Others

Others

Sometimes bravery is as simple as a few words. And sometimes those we love make cowards of us.

The sound of the slap echoed around the room. That was how it would be described in a novel, if this was a novel. If Laura had been able to do it. Instead she sank further into her chair and pretended she wasn’t in the room.

All that meant was that the world kept spinning, and the words kept coming. The potato and leek soup thickened as it cooled, specks of chives or leek or tarragon or some kind of herby thing floating to the top of the pale liquid. Laura’s spoon dipped into the bowl, scooped up a spoonful. Lifted halfway to her mouth, then back into the bowl. Stirred. Putative herbs disappeared beneath a wave of starchy, creamy soup, swamped by the slow roil of the steadily cooling dish.

“None of them should be allowed out; it’s disgusting. This is what happens when you give those kinds of people free reign.”

Half her bread roll was gone; it had been tasty, at the time. Now it tasted like drywall plaster, the last few crumbs clinging to the roof of her mouth. The rest of the drywall roll was scattered over the bleached-bone-white china plate. Crumbs, crumbs, crumbs.
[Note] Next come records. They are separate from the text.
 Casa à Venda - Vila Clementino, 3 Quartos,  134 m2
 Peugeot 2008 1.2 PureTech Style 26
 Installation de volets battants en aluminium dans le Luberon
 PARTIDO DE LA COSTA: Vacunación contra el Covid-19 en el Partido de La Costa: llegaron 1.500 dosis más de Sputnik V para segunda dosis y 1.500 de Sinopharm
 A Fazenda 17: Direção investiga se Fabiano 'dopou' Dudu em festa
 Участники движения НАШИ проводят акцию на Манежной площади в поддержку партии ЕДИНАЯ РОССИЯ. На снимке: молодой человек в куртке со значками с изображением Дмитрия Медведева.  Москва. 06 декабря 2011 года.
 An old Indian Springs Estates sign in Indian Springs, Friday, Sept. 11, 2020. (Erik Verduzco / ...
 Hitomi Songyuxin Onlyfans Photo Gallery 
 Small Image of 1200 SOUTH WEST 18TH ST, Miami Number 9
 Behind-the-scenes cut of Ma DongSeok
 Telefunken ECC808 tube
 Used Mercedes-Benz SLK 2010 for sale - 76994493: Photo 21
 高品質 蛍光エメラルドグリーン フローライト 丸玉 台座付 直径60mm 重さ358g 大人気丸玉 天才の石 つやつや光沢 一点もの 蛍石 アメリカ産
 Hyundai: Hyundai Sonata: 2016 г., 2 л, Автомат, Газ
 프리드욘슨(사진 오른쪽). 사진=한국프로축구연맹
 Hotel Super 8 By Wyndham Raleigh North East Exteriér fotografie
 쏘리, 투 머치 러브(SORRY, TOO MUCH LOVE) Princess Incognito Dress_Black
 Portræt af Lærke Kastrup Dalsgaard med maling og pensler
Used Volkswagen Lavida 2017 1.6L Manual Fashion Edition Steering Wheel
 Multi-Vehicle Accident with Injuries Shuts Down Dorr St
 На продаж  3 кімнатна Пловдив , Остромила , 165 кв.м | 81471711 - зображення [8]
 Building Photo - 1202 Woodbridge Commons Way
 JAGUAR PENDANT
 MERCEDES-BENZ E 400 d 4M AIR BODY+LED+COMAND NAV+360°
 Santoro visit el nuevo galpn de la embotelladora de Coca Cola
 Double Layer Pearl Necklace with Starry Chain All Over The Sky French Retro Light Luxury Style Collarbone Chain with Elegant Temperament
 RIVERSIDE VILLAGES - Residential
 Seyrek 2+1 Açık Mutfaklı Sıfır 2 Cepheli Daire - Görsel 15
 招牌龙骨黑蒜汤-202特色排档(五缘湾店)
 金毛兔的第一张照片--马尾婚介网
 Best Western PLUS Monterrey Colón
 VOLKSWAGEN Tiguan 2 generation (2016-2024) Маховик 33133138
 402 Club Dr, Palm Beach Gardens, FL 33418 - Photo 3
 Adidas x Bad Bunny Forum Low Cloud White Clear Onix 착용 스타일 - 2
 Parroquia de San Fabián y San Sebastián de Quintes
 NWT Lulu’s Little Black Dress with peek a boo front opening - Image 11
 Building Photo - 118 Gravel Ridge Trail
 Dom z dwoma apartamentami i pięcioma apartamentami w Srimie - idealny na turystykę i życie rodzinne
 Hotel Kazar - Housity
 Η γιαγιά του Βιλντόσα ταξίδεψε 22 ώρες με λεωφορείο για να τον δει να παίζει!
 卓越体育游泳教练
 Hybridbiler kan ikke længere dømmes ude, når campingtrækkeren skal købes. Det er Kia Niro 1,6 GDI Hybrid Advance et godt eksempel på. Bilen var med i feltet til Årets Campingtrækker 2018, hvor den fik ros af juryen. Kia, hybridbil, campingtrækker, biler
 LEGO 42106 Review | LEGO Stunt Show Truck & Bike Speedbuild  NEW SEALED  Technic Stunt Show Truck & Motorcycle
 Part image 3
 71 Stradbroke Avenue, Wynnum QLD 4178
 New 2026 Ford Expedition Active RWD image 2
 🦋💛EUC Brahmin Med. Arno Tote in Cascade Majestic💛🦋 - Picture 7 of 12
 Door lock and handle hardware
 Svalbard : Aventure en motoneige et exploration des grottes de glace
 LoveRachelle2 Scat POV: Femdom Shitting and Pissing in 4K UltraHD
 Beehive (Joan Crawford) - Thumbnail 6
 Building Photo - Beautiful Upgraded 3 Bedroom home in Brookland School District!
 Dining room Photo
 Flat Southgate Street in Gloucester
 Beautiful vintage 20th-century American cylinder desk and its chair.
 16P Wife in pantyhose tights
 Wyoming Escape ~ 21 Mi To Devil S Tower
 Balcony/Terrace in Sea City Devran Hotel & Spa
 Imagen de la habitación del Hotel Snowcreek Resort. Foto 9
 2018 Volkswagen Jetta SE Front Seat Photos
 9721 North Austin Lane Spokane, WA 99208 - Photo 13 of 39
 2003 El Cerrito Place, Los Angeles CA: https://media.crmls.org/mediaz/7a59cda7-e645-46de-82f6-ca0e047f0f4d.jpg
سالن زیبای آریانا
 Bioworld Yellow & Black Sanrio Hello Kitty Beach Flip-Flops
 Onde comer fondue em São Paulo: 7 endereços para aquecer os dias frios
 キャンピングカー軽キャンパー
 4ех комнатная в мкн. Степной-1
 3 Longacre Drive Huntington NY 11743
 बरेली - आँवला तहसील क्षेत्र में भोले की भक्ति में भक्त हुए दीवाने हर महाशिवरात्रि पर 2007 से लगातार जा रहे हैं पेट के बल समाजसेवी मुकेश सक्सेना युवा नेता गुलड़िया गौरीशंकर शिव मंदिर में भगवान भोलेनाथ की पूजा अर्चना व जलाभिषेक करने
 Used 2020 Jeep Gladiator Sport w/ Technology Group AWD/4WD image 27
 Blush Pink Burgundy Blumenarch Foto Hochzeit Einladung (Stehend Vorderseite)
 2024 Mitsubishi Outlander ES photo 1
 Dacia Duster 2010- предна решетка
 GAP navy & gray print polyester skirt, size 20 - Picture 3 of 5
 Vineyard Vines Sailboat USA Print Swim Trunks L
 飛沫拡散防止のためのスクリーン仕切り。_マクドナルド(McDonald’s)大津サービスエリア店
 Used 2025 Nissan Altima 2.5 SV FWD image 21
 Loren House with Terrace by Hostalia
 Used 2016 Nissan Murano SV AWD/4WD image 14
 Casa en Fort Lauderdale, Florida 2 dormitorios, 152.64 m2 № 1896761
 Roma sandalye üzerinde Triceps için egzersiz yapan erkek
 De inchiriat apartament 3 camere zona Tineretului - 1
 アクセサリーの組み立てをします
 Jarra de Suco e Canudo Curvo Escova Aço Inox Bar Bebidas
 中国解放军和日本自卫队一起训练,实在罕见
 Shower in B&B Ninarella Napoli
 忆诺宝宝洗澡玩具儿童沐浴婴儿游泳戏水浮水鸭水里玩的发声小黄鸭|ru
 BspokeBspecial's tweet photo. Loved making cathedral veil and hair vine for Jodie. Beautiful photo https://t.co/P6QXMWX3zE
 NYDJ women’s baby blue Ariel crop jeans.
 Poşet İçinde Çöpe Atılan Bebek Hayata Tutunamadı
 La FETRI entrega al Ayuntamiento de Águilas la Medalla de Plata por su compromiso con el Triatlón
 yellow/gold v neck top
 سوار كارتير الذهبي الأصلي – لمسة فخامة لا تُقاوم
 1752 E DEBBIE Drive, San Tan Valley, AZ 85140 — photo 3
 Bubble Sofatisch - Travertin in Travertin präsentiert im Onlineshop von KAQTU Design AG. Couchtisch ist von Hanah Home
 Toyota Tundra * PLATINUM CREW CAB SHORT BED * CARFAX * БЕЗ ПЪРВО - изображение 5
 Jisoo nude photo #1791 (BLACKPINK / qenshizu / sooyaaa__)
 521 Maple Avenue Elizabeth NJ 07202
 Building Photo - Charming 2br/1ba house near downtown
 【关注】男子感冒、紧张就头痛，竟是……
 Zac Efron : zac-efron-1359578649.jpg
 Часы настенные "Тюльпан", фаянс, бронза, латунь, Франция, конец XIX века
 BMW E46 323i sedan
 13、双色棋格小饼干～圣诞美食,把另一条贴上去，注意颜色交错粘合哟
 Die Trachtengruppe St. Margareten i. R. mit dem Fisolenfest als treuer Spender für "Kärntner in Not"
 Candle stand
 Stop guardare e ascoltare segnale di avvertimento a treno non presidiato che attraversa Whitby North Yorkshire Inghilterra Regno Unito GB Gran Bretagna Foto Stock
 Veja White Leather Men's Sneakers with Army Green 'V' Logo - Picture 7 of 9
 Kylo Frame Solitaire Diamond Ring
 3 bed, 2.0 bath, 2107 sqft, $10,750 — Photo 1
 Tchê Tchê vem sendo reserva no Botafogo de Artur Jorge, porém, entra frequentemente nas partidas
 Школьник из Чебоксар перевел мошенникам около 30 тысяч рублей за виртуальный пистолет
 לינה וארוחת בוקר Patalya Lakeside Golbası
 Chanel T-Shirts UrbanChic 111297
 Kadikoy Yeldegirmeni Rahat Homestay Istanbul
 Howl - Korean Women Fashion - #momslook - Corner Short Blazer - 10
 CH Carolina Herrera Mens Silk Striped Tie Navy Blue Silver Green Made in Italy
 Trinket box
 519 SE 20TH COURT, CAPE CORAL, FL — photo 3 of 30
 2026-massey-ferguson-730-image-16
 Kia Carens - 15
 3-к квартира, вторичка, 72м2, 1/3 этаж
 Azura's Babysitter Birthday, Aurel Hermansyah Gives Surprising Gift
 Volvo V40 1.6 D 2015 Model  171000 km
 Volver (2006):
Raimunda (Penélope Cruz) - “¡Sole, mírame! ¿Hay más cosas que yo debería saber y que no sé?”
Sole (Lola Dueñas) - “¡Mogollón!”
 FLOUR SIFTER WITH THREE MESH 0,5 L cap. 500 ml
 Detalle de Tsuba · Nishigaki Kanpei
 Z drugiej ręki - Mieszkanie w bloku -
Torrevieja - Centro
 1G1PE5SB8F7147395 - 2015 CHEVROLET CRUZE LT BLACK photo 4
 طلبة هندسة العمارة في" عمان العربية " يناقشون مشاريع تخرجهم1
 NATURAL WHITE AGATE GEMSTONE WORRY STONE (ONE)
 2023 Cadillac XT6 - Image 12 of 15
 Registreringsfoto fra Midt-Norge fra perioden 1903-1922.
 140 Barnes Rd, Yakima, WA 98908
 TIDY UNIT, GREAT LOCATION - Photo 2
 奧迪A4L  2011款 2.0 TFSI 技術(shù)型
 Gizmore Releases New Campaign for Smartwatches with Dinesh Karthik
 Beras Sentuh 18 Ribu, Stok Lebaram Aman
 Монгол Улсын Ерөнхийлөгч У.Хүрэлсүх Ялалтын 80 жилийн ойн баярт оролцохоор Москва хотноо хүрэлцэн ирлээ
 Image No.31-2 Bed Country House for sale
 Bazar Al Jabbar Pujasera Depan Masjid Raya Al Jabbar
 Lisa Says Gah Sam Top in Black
“Of course, now they’ll start to see what we’ve known all along.”

Not me, Laura wanted to say. I didn’t. But she stuffed her mouth with a piece of bread, stuffed the words back down and choked the whole dead, dry bolus of carbs and concern and a certain sick feeling down, swallowing hard.

So many people hadn’t, Laura knew. Didn’t. But it was so much harder to say those words when you knew no-one would listen. They’d hear, of course. No way to stop them hearing, and no way to stop herself hearing what they’d say in return, even when they hadn’t said it yet. The walls would come down, unleashing a slow burning flow of lava that would eat her away and burn below her skin, and no-one would see or know or care. Because they were just saying the same things they’d always said, and she was listening for what felt like the first time, and—

Ripples scattered on the surface of her potato soup.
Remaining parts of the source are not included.